What is the future of the newspaper?
The Bad: the “evening paper” was killed off in the ’70s and ’80s. The circulation of morning papers has dropped annually since 1987, Sunday papers since 1990. For example, the Washington Post has seen average daily circulation drop from 779,898 to 709,500 in the past five years.
The Good: virtually all papers have established strong sites on the Internet, most with free-access models (with registration) supported by advertising, making their reach broader than ever. (Some, the NY Times for example, charge for access to “archive” stories, those older than 7 days; and some special interest publications like the Wall Street Journal charge for access to most of their stories, though their Opinion Journal is free).
The Good: Readership of the websites is strong and growing and Internet advertising is at its highest sales level ever. Internet ad spending in the first six months of 2004 was 40 percent higher than in the comparable period in 2003, according to the Interactive Advertising Bureau. The New York Times’ website became profitable for the first time in ’03; the Washington Post’s did the same in ’04.
The Bad: The revenue gap. For the first three quarters of 2004, the Washington Post booked $433 million in ad revenue, Washingtonpost.com reported $45 million in revenue over the same period. Internet advertising accounts for only 3 percent of total ad spending each year.
The Good: More people have more access to more information in a more timely manner than ever before.

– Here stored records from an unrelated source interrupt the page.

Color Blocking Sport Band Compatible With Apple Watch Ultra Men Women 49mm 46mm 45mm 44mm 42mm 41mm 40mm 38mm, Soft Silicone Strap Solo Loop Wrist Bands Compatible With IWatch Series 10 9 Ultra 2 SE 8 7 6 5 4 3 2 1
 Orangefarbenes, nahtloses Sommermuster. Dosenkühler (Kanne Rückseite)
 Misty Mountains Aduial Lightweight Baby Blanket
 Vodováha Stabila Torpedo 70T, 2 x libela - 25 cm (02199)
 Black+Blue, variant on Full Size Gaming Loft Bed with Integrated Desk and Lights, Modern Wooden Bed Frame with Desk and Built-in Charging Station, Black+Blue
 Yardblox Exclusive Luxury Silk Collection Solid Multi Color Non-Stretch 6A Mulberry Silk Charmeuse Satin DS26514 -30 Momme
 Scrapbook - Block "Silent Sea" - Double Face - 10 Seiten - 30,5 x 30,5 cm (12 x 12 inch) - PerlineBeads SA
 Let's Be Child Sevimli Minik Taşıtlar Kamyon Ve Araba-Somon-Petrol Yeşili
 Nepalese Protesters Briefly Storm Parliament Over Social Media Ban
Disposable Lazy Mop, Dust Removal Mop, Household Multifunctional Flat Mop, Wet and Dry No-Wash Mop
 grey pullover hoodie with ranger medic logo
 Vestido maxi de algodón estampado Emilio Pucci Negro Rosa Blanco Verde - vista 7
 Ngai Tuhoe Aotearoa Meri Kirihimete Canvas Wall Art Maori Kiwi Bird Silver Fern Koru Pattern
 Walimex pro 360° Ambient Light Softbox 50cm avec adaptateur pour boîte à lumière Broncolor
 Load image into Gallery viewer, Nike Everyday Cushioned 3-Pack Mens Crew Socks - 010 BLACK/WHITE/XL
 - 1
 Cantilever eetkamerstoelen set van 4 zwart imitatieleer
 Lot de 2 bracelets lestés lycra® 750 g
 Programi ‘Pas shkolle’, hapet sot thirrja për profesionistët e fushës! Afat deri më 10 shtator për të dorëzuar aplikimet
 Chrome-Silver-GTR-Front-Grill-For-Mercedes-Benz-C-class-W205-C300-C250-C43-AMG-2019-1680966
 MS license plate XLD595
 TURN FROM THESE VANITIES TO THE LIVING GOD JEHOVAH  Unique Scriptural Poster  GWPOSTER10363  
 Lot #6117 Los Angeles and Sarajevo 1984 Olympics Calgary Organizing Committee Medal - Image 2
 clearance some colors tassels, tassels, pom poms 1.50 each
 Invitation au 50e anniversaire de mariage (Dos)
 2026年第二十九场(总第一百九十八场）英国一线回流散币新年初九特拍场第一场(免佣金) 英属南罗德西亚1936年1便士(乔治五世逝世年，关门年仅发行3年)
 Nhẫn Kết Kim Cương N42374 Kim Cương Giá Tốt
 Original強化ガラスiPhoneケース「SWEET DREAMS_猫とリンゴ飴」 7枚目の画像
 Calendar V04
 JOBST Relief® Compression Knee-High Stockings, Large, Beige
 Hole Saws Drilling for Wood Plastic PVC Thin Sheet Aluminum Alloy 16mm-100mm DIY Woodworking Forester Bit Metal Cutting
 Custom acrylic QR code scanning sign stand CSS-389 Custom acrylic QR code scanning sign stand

The Bad: They aren’t much willing to pay for it, directly anyway.
The Good: These are still early days for the Internet’s free or almost-free model and Internet readership will continue to grow for the foreseeable future, with ad sales rising along with readership. In addition, Website ads are still undervalued and this will inevitably change over time. Internet ads can “talk back” to advertisers, telling how many times the ad has been seen, and with registration, the demographics and location of the viewer. As ads become more and more targeted (think search engine ads), this information becomes more and more valuable.
The Bad: many younger people have no use for the physical paper, its bulk, its lack of interactivity, its stasis, the time it takes to absorb.
The Good: the downward trend of physical paper readership will bottom out because there is value in the portability, convenience, durability, and the pure tactility of the physical paper that the Internet will never replace (just like books).
And, as more and more people come to value information and reasoned interpretation through its relatively free and wide availability on cable TV and the Internet, they will also come to more highly appreciate the reliability, quality and geographical applicability of information and opinion available in newspapers, both physical and online.
This is a difficult transitional time – those who can hold out will prosper greatly in the long run.